* About this task:
Would you copy the entries that follow exactly, leaving out every picture?

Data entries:
★ ★ ★ ★

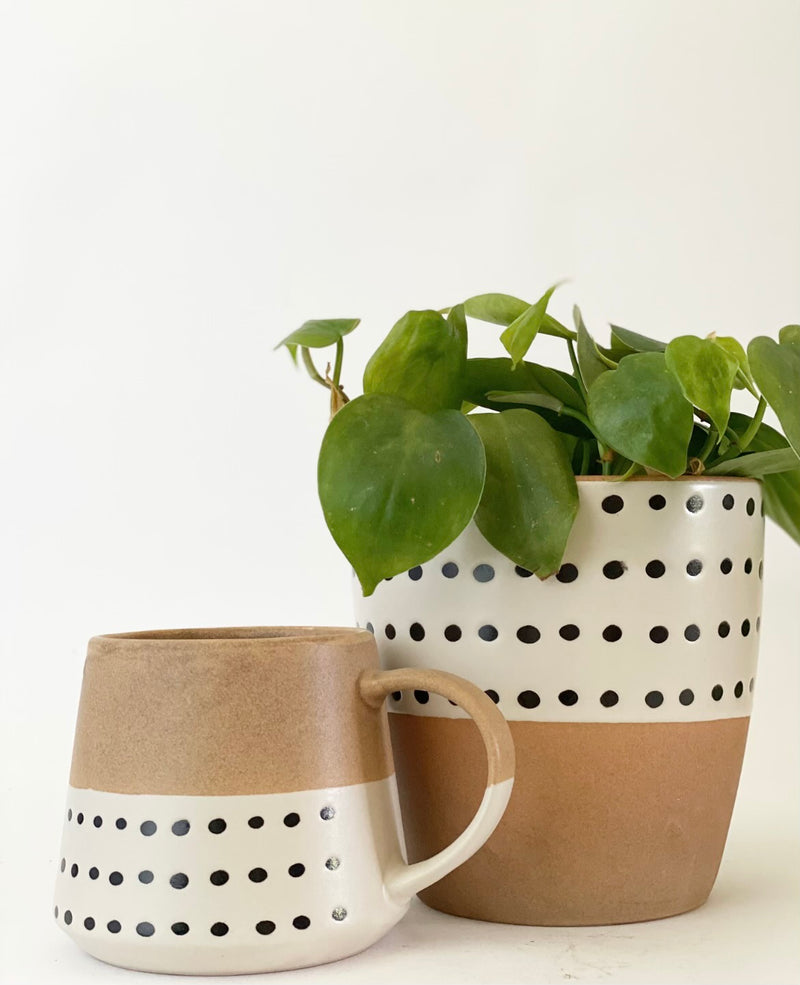 Dottie Mug and Plant Pot Collection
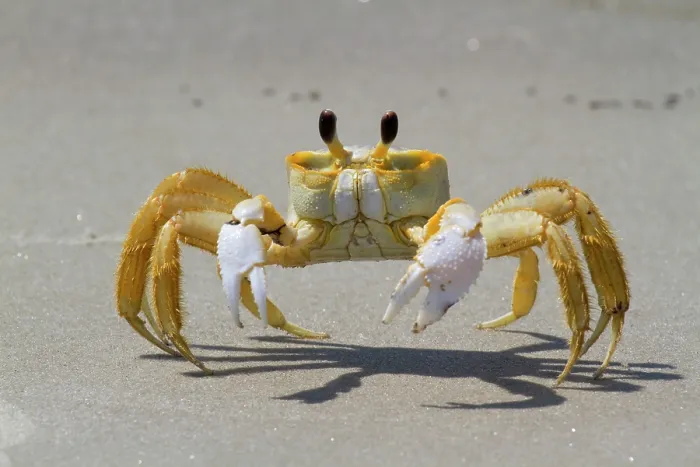 Framed Print : Atlantic Ghost Crab Framed Print : Atlantic Ghost Crab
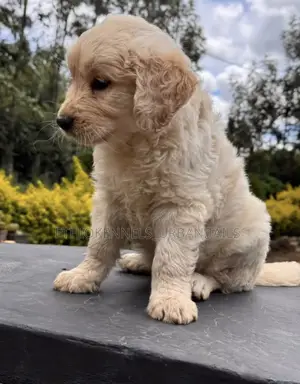1-3 months Male Mixed Breed Goldendoodle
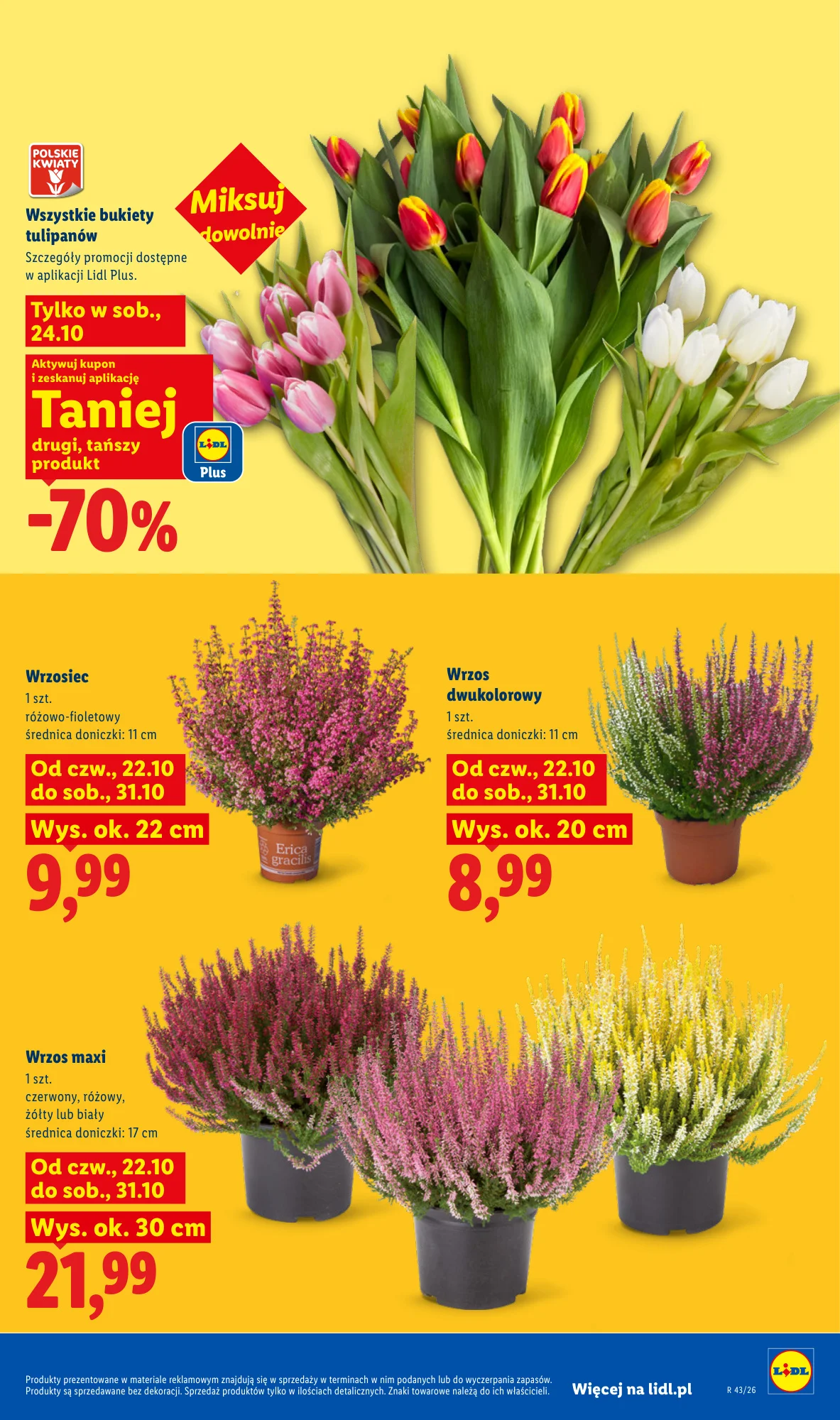 Gazetka promocyjna Lidl str. 103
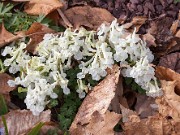 Corydalis malkensis 20150403 10001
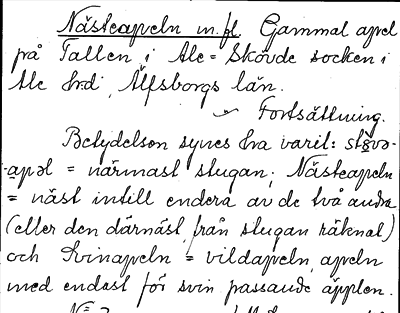 Bild på arkivkortet för arkivposten Nästeapeln m.fl.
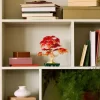 Nessiworld 10348 iconic Japon Akçaağaç Bonsai Ağacı 474 parça +18 yaş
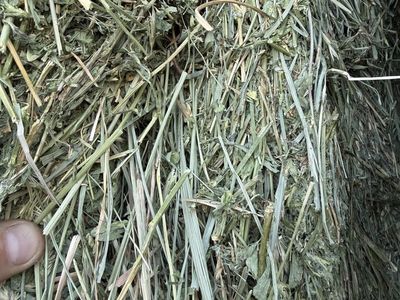 Alfalfa/Grass Hay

★ ★ ★ ★

* Solution to the problem:
 Dottie Mug and Plant Pot Collection
 Framed Print : Atlantic Ghost Crab Framed Print : Atlantic Ghost Crab
1-3 months Male Mixed Breed Goldendoodle
 Gazetka promocyjna Lidl str. 103
 Corydalis malkensis 20150403 10001
 Bild på arkivkortet för arkivposten Nästeapeln m.fl.
 Nessiworld 10348 iconic Japon Akçaağaç Bonsai Ağacı 474 parça +18 yaş
 Alfalfa/Grass Hay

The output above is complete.